Donald Cerrone knows that his mixed martial arts career is coming to a close, but “Cowboy” would prefer to go out on his terms.
The 36-time Octagon veteran is winless in his last five UFC appearances. After his last bout, a majority draw with Niko Price at UFC Fight Night 178 on Sept. 19, Dana White suggested it was time to have a conversation with Cerrone about retirement.
“For him tonight, the win for him tonight, he was on his way out in the first 30 seconds of the first round,” White said at the card’s post-fight press conference. “He fought back, he’s tough, he’s durable.

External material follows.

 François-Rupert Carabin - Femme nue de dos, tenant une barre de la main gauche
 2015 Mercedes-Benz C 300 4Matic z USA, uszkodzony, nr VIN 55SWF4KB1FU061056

I love ‘Cowboy,’ and I know this is going to f—ing crush him and break his heart, but it’s time to have a conversation with him.”
Cerrone dismissed the notion at the time but more recently, the BMF Ranch founder acknowledged that his career does have a shelf life.
“This is the last run,” Cerrone said in a video posted to his YouTube channel. “This is it. I don’t have much left in me, timewise. If I’m going to really say this is my last run, really give it all. I’d rather go out when I want to. Go perform, enjoy it and then kick off the boots while I’m still flying through the air, call it a day. Not get cut, or everyone telling me I need to slow down or stop.
“I want to retire when I want to retire. I don’t care about what everyone else wants to say. Realistically, I’ve probably got a couple years left. That’s probably four or five fights left in me.”
Cerrone is currently mired in the longest winless skid of his professional tenure, but there’s one defeat that haunts him more than the rest — and that’s the 40-second TKO loss to Conor McGregor at UFC 246 in January.
“Talk about not wanting to be there. That was me fight day. I didn’t want to be nowhere [near that fight]. Slow starter, no starter, didn’t want to be there,” Cerrone said. “That was me. It sucked. On the biggest stage, still to this day that’s the biggest pay-per-view sold fight ever, right? Everyday I look at that poster like it sucks. That’s good. I need that motivation.
“Talk about the biggest letdown ever. That was it. Biggest moment to shine. That kills me all the time. Like quitting. Didn’t even want to be there. That burns.”
Cerrone says that he plans on competing exclusively at lightweight for the final stretch of his career. He hopes to return to the Octagon next year to begin to change the narrative regarding the twilight of his career.
“I got two years left. Let’s go. Let’s make these the last, the best,” he said. “If it’s going to be my last ride, I want to ride the biggest and baddest and jump off while she’s still kicking and go.”